- Russia has been torturing workers at the Zaporizhzhia nuclear power plant, former employees say.
- The plant in occupied southeastern Ukraine is Europe's largest nuclear power facility.
- "Some people's spirits were broken, they were beaten so badly," a worker told The Wall Street Journal.
Russian intelligence agents have detained and in some cases brutally tortured more than 200 workers at Europe's largest nuclear plant in occupied Ukraine, holding some for weeks in a web of underground prisons, escaped employees told The Wall Street Journal.
Russian forces captured the Zaporizhzhia Nuclear Power Plant soon after the Feb. 24 invasion of Ukraine. It has been the site of periodic fighting that has alarmed observers, including the International Atomic Energy Agency. The plant shut down the last of its six reactors in September but requires a steady source of electricity to maintain safeguards.
The plant's former director, Ihor Murashov, ran the facility for seven months under Russian occupation. Speaking to the Journal, he recounted how he himself was detained in one of the Russian occupier's basement prisons before being released under international pressure in October.

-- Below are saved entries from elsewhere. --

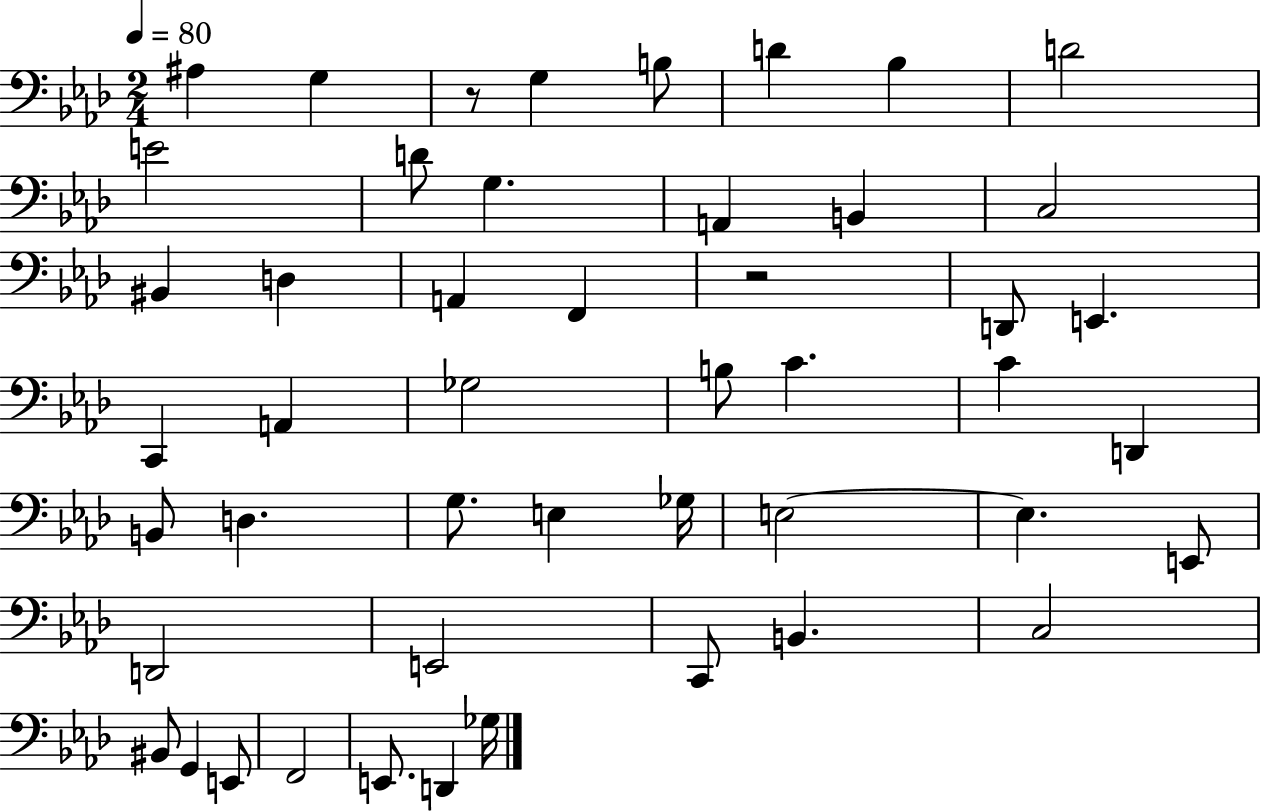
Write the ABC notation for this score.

X:1
T:Untitled
M:2/4
L:1/4
K:Ab
^A, G, z/2 G, B,/2 D _B, D2 E2 D/2 G, A,, B,, C,2 ^B,, D, A,, F,, z2 D,,/2 E,, C,, A,, _G,2 B,/2 C C D,, B,,/2 D, G,/2 E, _G,/4 E,2 E, E,,/2 D,,2 E,,2 C,,/2 B,, C,2 ^B,,/2 G,, E,,/2 F,,2 E,,/2 D,, _G,/4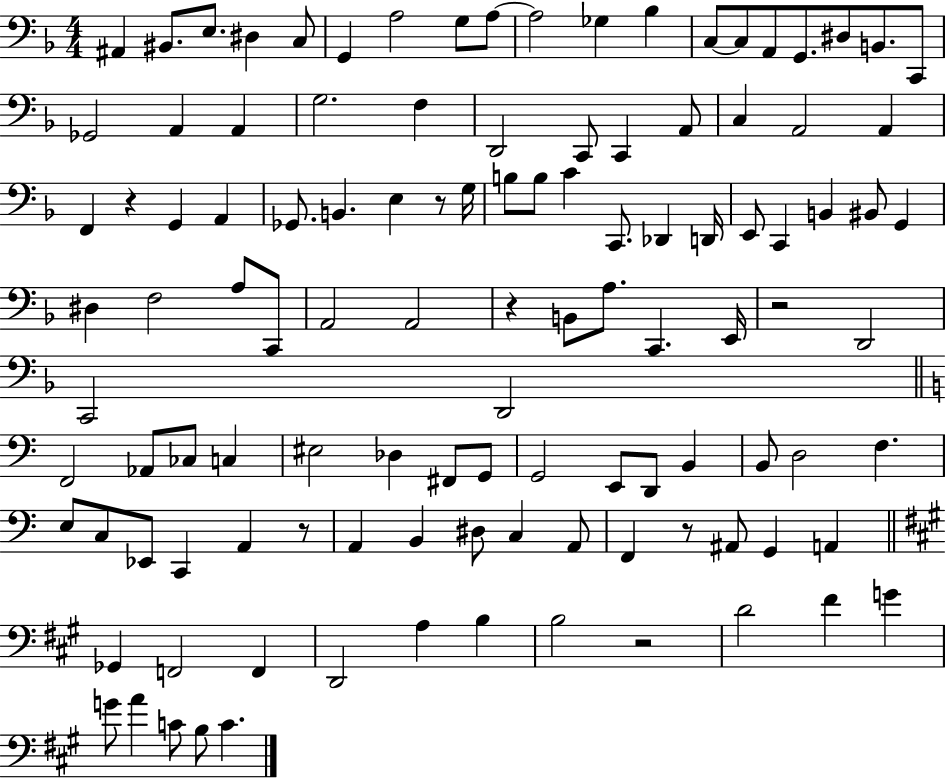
{
  \clef bass
  \numericTimeSignature
  \time 4/4
  \key f \major
  ais,4 bis,8. e8. dis4 c8 | g,4 a2 g8 a8~~ | a2 ges4 bes4 | c8~~ c8 a,8 g,8. dis8 b,8. c,8 | \break ges,2 a,4 a,4 | g2. f4 | d,2 c,8 c,4 a,8 | c4 a,2 a,4 | \break f,4 r4 g,4 a,4 | ges,8. b,4. e4 r8 g16 | b8 b8 c'4 c,8. des,4 d,16 | e,8 c,4 b,4 bis,8 g,4 | \break dis4 f2 a8 c,8 | a,2 a,2 | r4 b,8 a8. c,4. e,16 | r2 d,2 | \break c,2 d,2 | \bar "||" \break \key a \minor f,2 aes,8 ces8 c4 | eis2 des4 fis,8 g,8 | g,2 e,8 d,8 b,4 | b,8 d2 f4. | \break e8 c8 ees,8 c,4 a,4 r8 | a,4 b,4 dis8 c4 a,8 | f,4 r8 ais,8 g,4 a,4 | \bar "||" \break \key a \major ges,4 f,2 f,4 | d,2 a4 b4 | b2 r2 | d'2 fis'4 g'4 | \break g'8 a'4 c'8 b8 c'4. | \bar "|."
}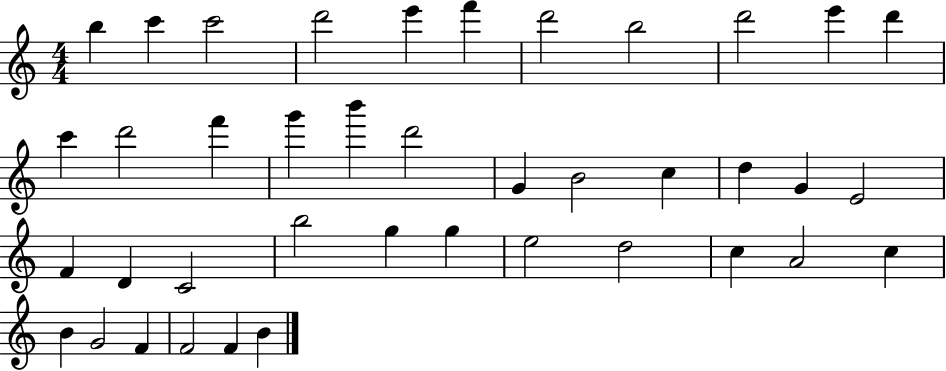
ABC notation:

X:1
T:Untitled
M:4/4
L:1/4
K:C
b c' c'2 d'2 e' f' d'2 b2 d'2 e' d' c' d'2 f' g' b' d'2 G B2 c d G E2 F D C2 b2 g g e2 d2 c A2 c B G2 F F2 F B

According to Murashov, he was detained by Russia's FSB, the successor to the Soviet Union's KGB, in a facility near the nuclear plant known as "the Hole," one of several purported underground detention centers. He and other workers described being beaten, starved, and electrocuted by their interrogators; some were also shot, with at least one employee being tortured to death.
The attacks on essential staff came after some continued to passively resist Russian occupation, such as by displaying miniature Ukrainian flags at their desks.
"They think that by doing this they can change the minds of these people," Murashov said.
Energoatom, Ukraine's state-run nuclear power company, said at least 200 workers have been detained, the Journal reported.
One worker, Voldymr Zhayvoronok, said he was detained in an underground prison for 53 days. He said he was regularly beaten and showed reporters a missing fingernail that he said was ripped out by his interrogators.
In September, following a visit by a 14-member delegation, the IAEA issued a report saying that the plant's remaining 907 workers — down from more than 1,200 prior to the war — were being forced to operate "under extremely stressful conditions while under the control of Russian armed forces," a situation it described as "untenable."